A cientista política Maria Teresa Sadek fez uma análise sobre a atual crise do Poder Judiciário num artigo brilhante, sério e muito competente, publicado pelo jornal O Estado de São Paulo no dia 14 de janeiro e que está abaixo transcrito. Se preferir clique aqui para ler diretamente no site do jornal. , mas, particularmente prefiro que você continue na nossa companhia.
Vale a pena entender a razão pela qual há juizes que querem a mudança do Judiciário e outros que não querem, o que ela mesma diz ser uma "demanda de dificil reversão".

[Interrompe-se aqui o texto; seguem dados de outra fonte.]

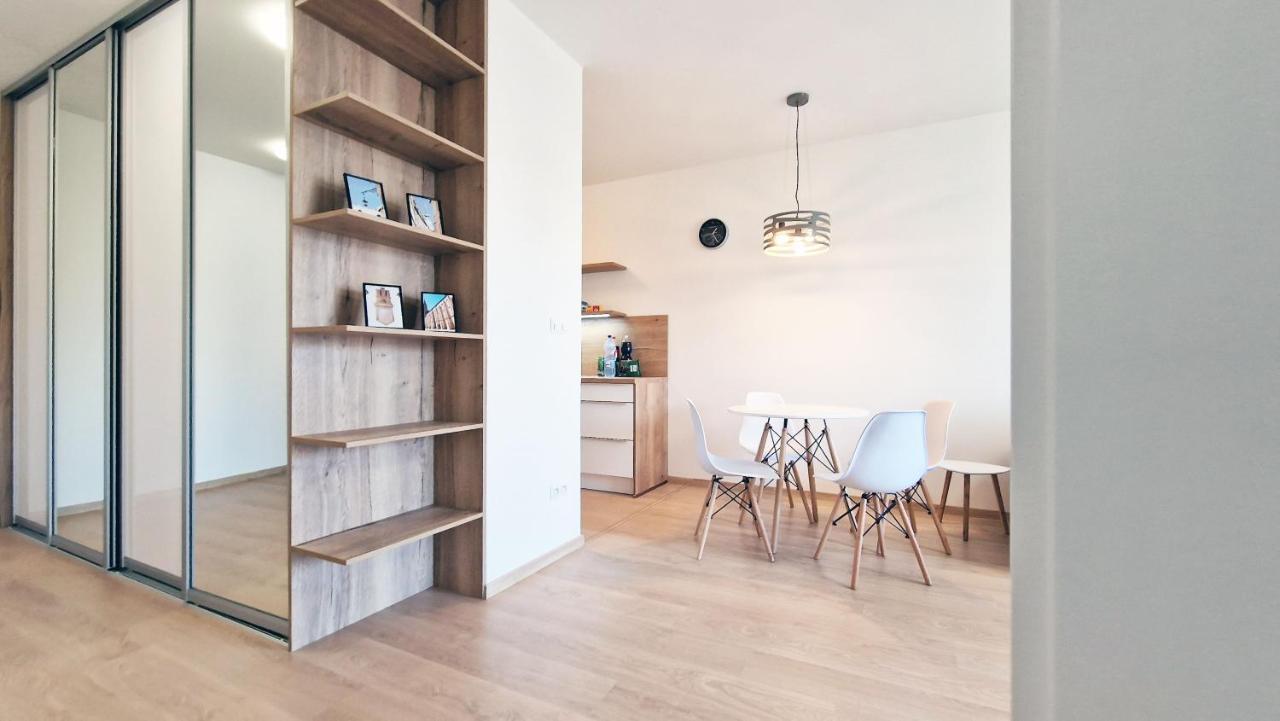 Luxo 2 Room Apartments By Bratislavatrip エクステリア 写真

A história toda da crise do Judiciário tem tomado contornos até então inimaginados em razão da revelação de um relatório do COAF, um órgão da Receita Federal que controla a movimentação de contas bancárias. Este relatório foi encomendado pelo Conselho Nacional de Justiça CNJ e recentemente utilizado em sua própria defesa nas ações promovidas por associação de juizes. O relatório revela que 3.426 juizes e servidores do Poder Judiciário fizeram movimentações bancárias atípicas, envolvendo 855 milhões entre 2000 e 2010.
Isto por que as associações de juizes propuseram uma ação no STF contra o CNJ - Conselho Nacional de Justiça (leia-se a Corregedora Eliana Calmon) por que ela resolveu ver como anda a forturna dos juizes. As ações pretendem tirar a competência da Corregedoria do CNJ para investigar ações de juízes e desembargadores dos Tribunais de Justiça dos Estados. Para se defender Eliana Calmon juntou no processo o relatório do COAF para demonstrar que tem muita coisa ainda a ser investigada.
Isto tudo é muito desagradável e quem sai perdendo é a democracia. A imagem do Judiciário corre o risco de ficar muito suja e vai levar um tempão para se reabilitar, caso estas investigações não sejam levadas adiante.
Gente, juiz ganha bom salário, mas não dá para ficar rico. É o mesmo que ocorre com Auditor Fiscal e Promotor Público que também ganham bem, mas NÃO PODEM ficar rico só com este salário. Não há matemática moderna que os ajude nesta hora. De onde veio esta grana de mais de 800 milhões de reais movimentados entre 2000 e 2010, nas contas pessoais dos juizes que o relatório do COAF denunciou? Isto precisa de uma explicação.
São os primeiros raios de luz que estão entrando na caixa preta do Judiciário. Depois disso foi publicada notícia de que vários juízes no Estado de São Paulo não declaram imposto de renda há varios anos. Vários juizes, repito. A última notícia é de que o Estado de São Paulo (Tribunal de Justiça) foi o que mais teve movimentação de dinheiro EM ESPÉCIE.
Uma pergunta a ser feita é: Por que dinheiro em espécie em grande quantidade circulando e sendo depositado ou retirado das contas de juizes paulistas? Sabe o que isto quer dizer? Que é um indício que esta dinherama toda andou circulando por aí, fora das contas bancárias e do controle das autoridades financeiras. Indícios de ocorrência de corrupção, compra de sentença.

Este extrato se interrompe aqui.